Because of these code requirements and the facility’s role as designated shelter, communities hold school designs to a higher standard. Some schools are even specified in emergency operation plans for communities. This means that authorities and school administration should be in close contact and aware of the emergency features in their facilities.
Today, the challenge of resiliency is more intense than ever. But if we focus on one threat or the last extreme weather event and design to just one, we may end up less resilient to others. The key is for us to take a holistic approach and consider all the potential threats that a school building may face. When we design an educational facility, it should complement operational resilience and work with community, law enforcement, and emergency services relationships.
Storms might be the most common natural weather event to impact schools. When inclement weather of any level hits, students, teachers, and staff should feel safe in the school’s storm shelter. Tornado shelters and hurricane shelters are more protective shelter types that are designed for more intense winds and for longer-term shelter.
Depending on where you are in North America, code requirements for educational storm shelters differ. In stretches of the US where tornadoes are common, the storm shelter must be able to withstand tornado-force winds. The 2018 IBC requires all education buildings that fall in the ICC 500 250-mph-windspeed map with an occupant load of 50 or more to have a storm shelter built to comply with ICC 500. This standard provides minimum design and construction requirements—structural design criteria, occupant density, critical support systems, and impact and pressure testing—to name a few. But users may expect much more.
What makes a good storm shelter? Protection and everything needed to maintain safety, communications, and comfort for a reasonable amount of time. When designing storm shelters for K-12 schools, there are three things to consider—location, critical support systems, and operations and maintenance.

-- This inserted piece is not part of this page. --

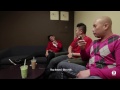 7 Ngày Không Chơi (7 Days No Sex) - (Hài Tục Tĩu +18) - 102 Productions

1. Location: The school’s storm shelter may be free-standing (within 1,000 feet of the school by code), attached to, or within a building. And its location must be carefully analyzed for adjacent building collapse. In the case of a basement-level shelter with occupied floors, it must be designed to withstand the collapse of the structure above.
If we focus on one threat or the last extreme weather event and design to just one, we may end up less resilient to others. The key is to take a holistic approach and consider all the potential threats that a school building may face.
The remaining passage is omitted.